By Meaghan Sands
The idea of hiking in Los Angeles may make some chuckle and others tilt their heads like curious canines. Others may say, “Have you tried Runyon Canyon, the trail to the Hollywood sign or Griffith Park?”
But unless you’re seeking trails crowded with Angelinos, out-of-towners and the occasional celebrity these are not always the way to go.
There is another way to enjoy L.A.
Individuals seeking a relaxing stroll or a peaceful hike are not usually hard-pressed to head to the heart of L.A., nor some of urban cities surrounding it. Heavy traffic on surface streets present a dangerous and noisy obstacle for pedestrians. Public transportation is subpar, limiting the distance that can be traveled on foot.
According to Charles Fleming, “[L.A.] has almost no pedestrian-friendly, car-free zones and offer[s] our citizens fewer public parks and less public green space per capita than any major city in America.”

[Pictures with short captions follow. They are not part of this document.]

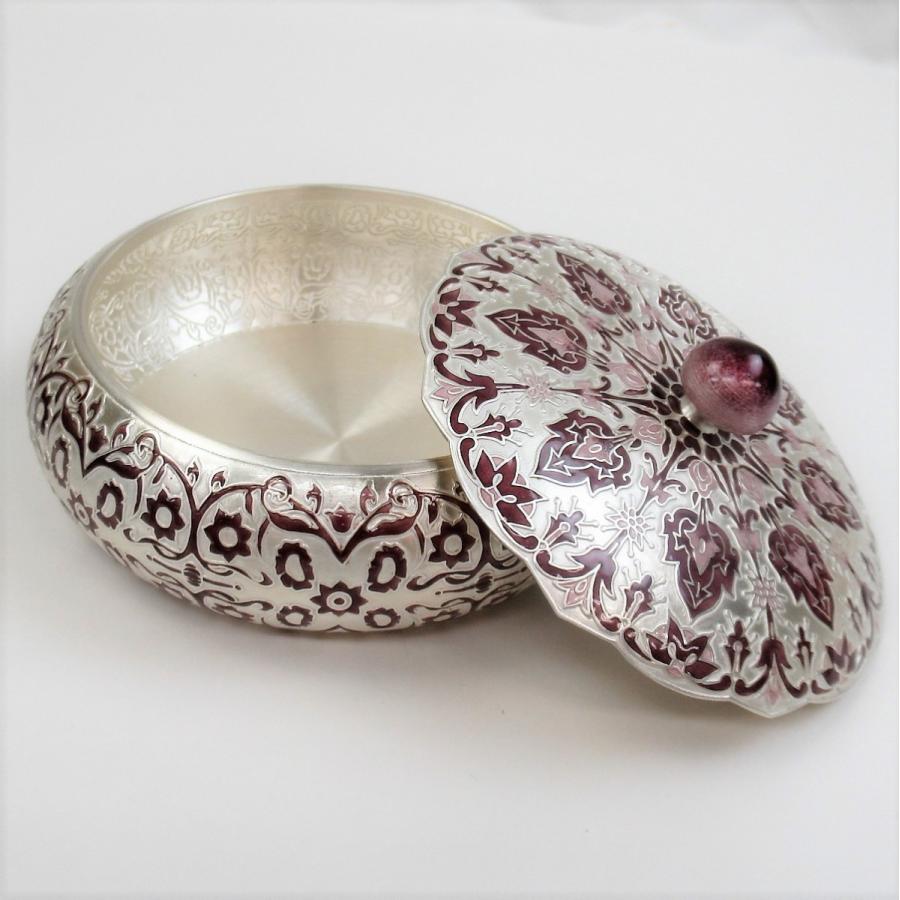 韓国 純銀 (シルバー990) 七宝 蓋物 総重量約485g 銀細工 菓子器 韓国 純銀 (シルバー990) 七宝 蓋物 総重量約485g 銀細工 菓子器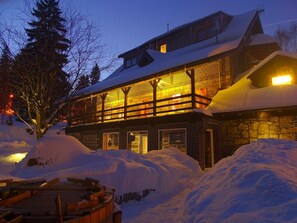 Exterior - Exklusives Ferienhaus mit Schwimmbad direkt am Wasser by Interhome (Szklarska Poreba)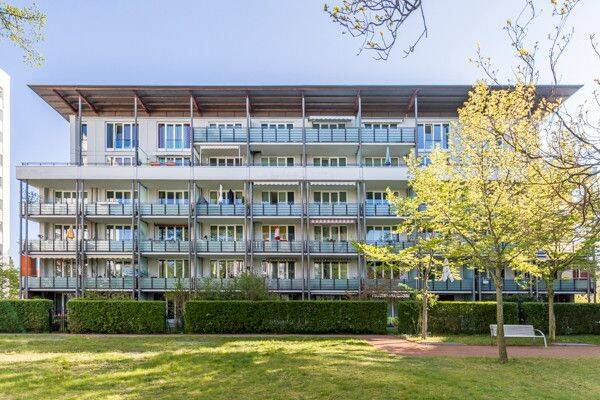Großzügige 2-Zimmer-Wohnung mit Balkon am Großen Garten, 1307 Dresden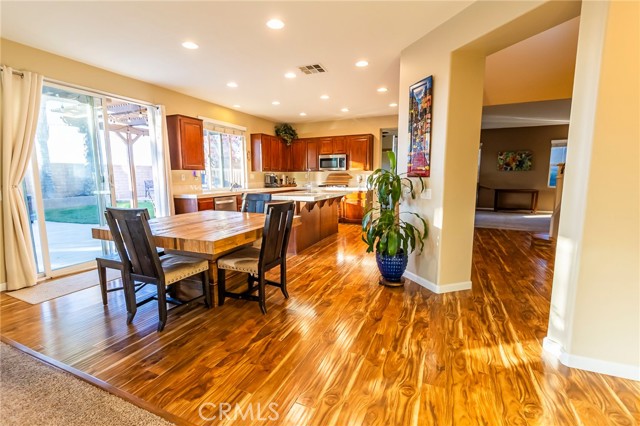 Detail Gallery Image 25 of 52 For 35181 Begonia Ln, Winchester,  CA 92596 - 6 Beds | 3 Baths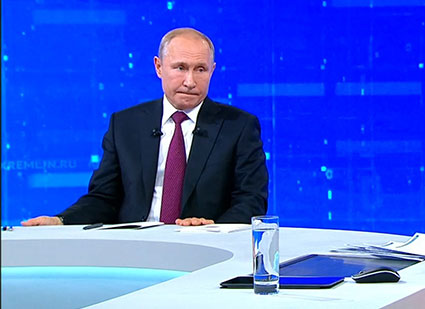 Прямая линия с Путиным: "Реальные доходы людей падают в том числе и из-за выплат по кредитам"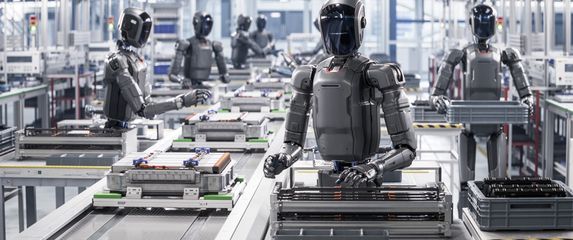 Humanoidni roboti u tvornici, ilustracija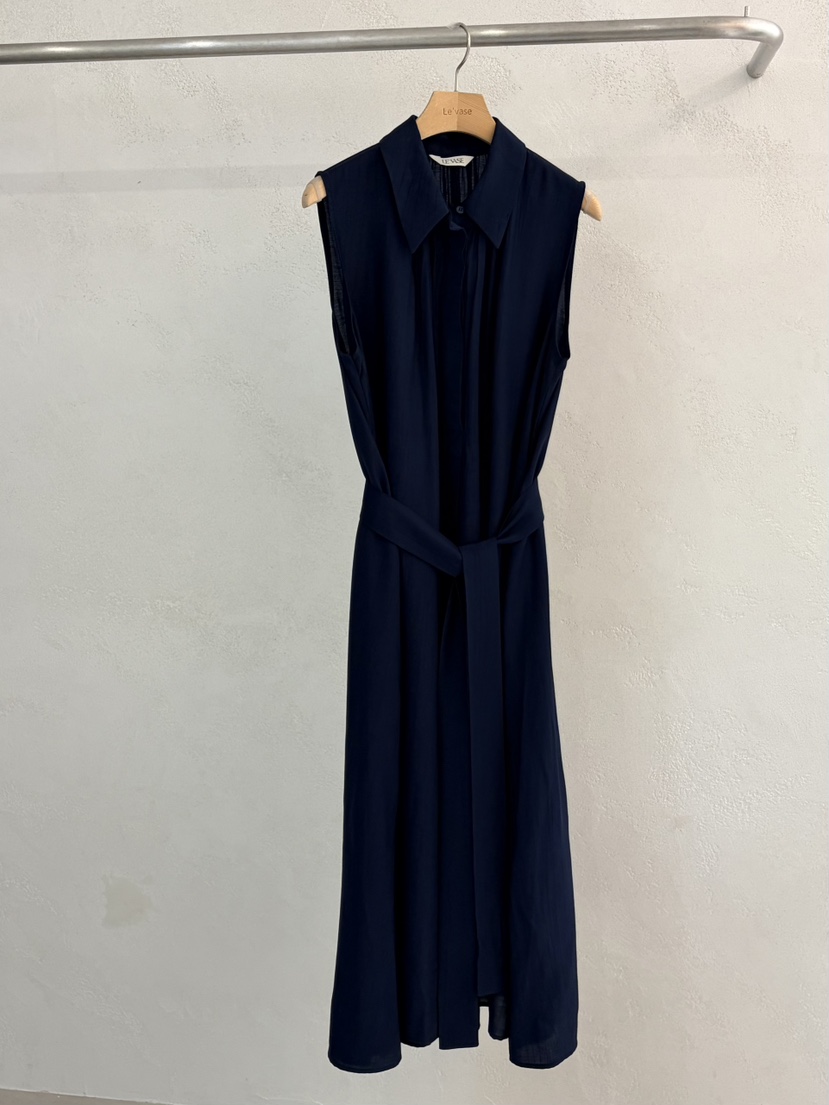 LE VASE韓國直郵實拍女士新款推薦人氣26春夏連衣裙含腰帶LE VASE連衣裙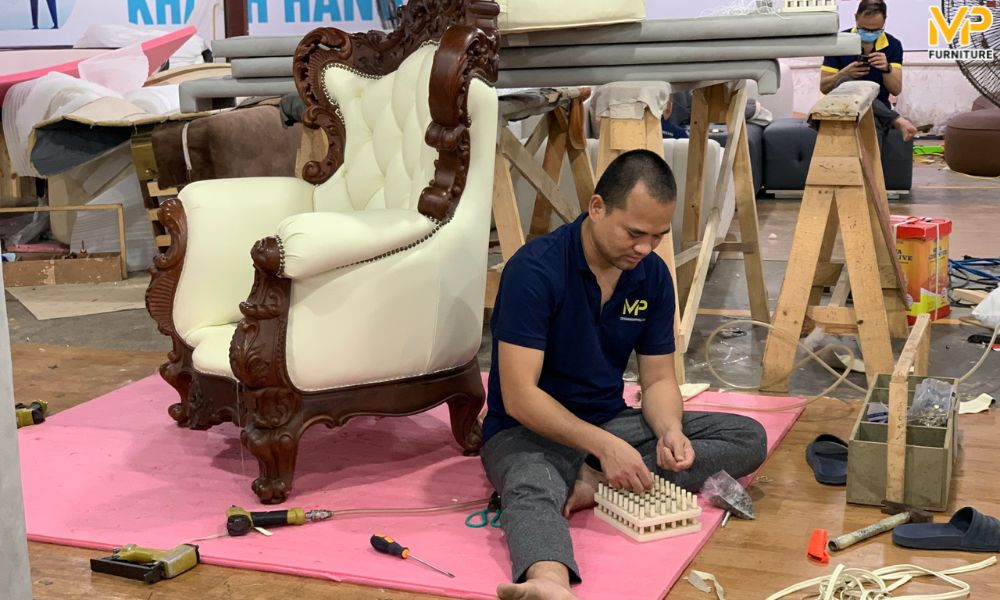 Giá thành bọc lại ghế da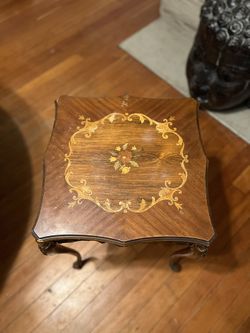 Antique French Louis XV Rocaille Inlaid Marquetry Table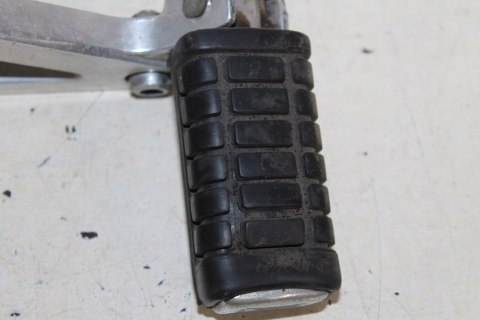 HONDA VT700 SHADOW RC19 SET PODNÓŻEK LEWY TYŁ
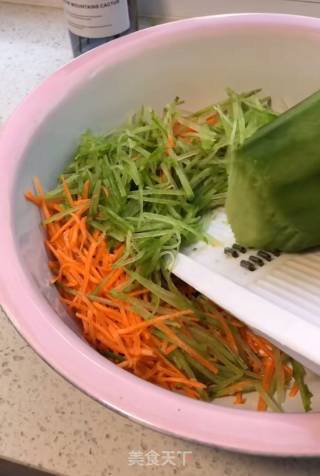 炸萝卜素丸子的做法步骤：2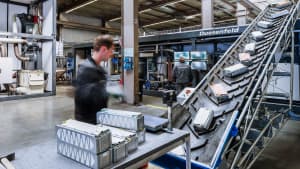 Batterie Recycling bei der Firma Duesenfeld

In 1981 Fleming would discover a hidden gem that would help solve this predicament: “secret stairs.”
These stairs provide a look back in time to when cars were a luxury and most traversed from place to place with the help of trolley cars, streetcars, buses, light-rail systems and their own two feet.
“City planners and developers installed them as direct routes for pedestrians”housewives and children particularly”to get down the hills to schools, the supermarket and transit lines,” writes Fleming in his book “Secret Stairs: A Walking Guide to the Historic Staircases of Los Angeles.”
The staircases, though now semi-forgotten and unused, take hikers through an urban tour of stately homes in hidden L.A. neighborhoods with breathtaking views of the city along the way.
Fleming has mapped more than 275 staircases from Pasadena to Pacific Palisades.
Though some residents have taken the liberty of closing off staircases to outsiders, Fleming assures eager walkers that all the staircases are “public byways, on public property, built and maintained by taxpayer dollars, and are meant to be employed and enjoyed by everyone.”
In his book, stair walks are divided by city and then subdivided into various walks for that area. Each walk is rated for difficulty and lists the approximate time limit and number of steps involved. A major plus is that most begin and end near an eatery and all are accessible via public transportation.
What are you waiting for? Get out and start walking.